SRAC members are encouraged to attend the membership luncheon this year to get a tour of the ongoing construction of the Laboratory and Research Center on the second floor and to get updates on other SRAC endeavors underway. Exclusive give-aways are also a part of this luncheon. The luncheon will be catered by the Railhouse restaurant and your RSVP is requested in order to plan seating for this popular event. Please call the Center at 607-565-7960 or email email@example.com to RSVP before October 3. Postcards will also be sent to current and recent members as a reminder.
If you have not re-upped your membership or are not sure if your membership is up-to-date, simply
stop in, call the museum or plan to come early and re-up the day of the event.
Doors open to the public at 1pm.
SRAC’s Dr. DeeAnne Wymer and Dan Caister will present "The 2018 Field Season Findings at The Desisti Site: A Tale of Two Occupations.” The presentation will illustrate the unique items being excavated at the site this year and what findings have been revealed using scientific carbon dating methods.

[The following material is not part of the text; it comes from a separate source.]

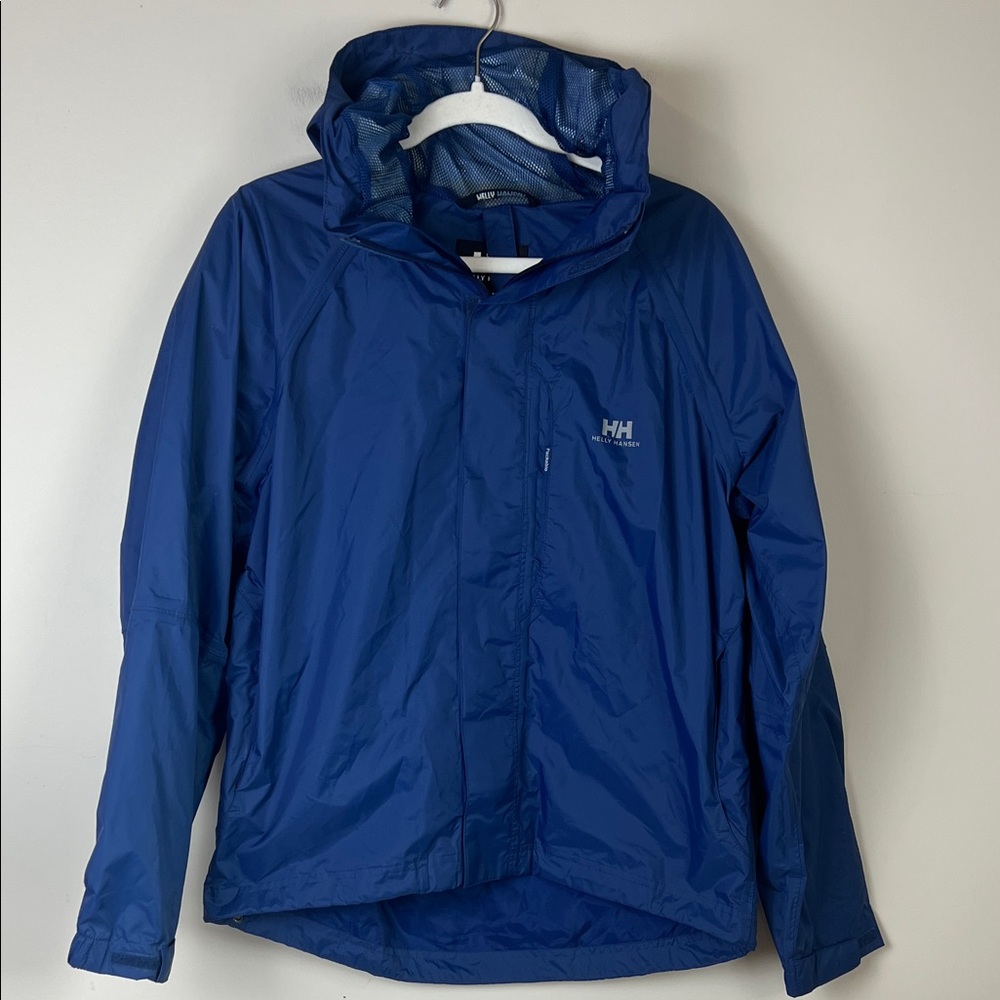 Helly Hansen Men's Waterproof Rain Jacket Hooded Blue Size Small Tech Protection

At 2pm past NYSAA President Dr. Bill Engelbrecht will present ” Early Late Woodland Pottery from Northwest Pennsylvania” Current terminology used to describe ceramics in the Northeast presents a challenge for both avocational and professional. In some cases two or more ceramic type descriptions overlap while in other cases type names in different areas describe similar material. Some types describe ceramics used for a long period of time, rendering them poor temporal indicators. Using an attribute approach provides a clearer picture of individual specimens but renders comparison with ceramics from other sites problematic unless they are described using the same system. This presentation describes ceramics from a pre-Iroquoian multi-component site in northwest Pennsylvania using a revised ceramic typology coupled with an attribute approach.
At 3pm, SRAC's David Moyer will present, "Prehistoric and Early Historic Native Landscapes in the Upper Susquehanna Valley." The late prehistory and early history of the Upper Susquehanna Valley has created a unique landscape that has presented many challenges to archaeologists. In the 1300s and 1400s the region boasted a large population of prehistoric farmers. It appears that the valleys were then abandoned until the late 17th and early 18th centuries, when the Susquehanna and Chemung valleys were occupied by Native refugees from other regions displaced by war and European encroachment. These village communities continued to expand throughout the 18th century until the outbreak of the American Revolution when these settlements were abandoned.
At 4pm, Seneca Native American historian Dick Kane will give a presentation on the cultural history of the Seneca. Mr. Kane will display authentic cultural items and discuss their significance.
At 4:30pm, the Seneca Dancers will perform, sharing their culture, music, and dance.The Seneca dancers have been a very popular part of SRAC’s Annual event for over a decade.
We invite the public to experience SRAC and what we celebrate every day, our Native American archaeology, prehistory, history and culture - all in one amazing day.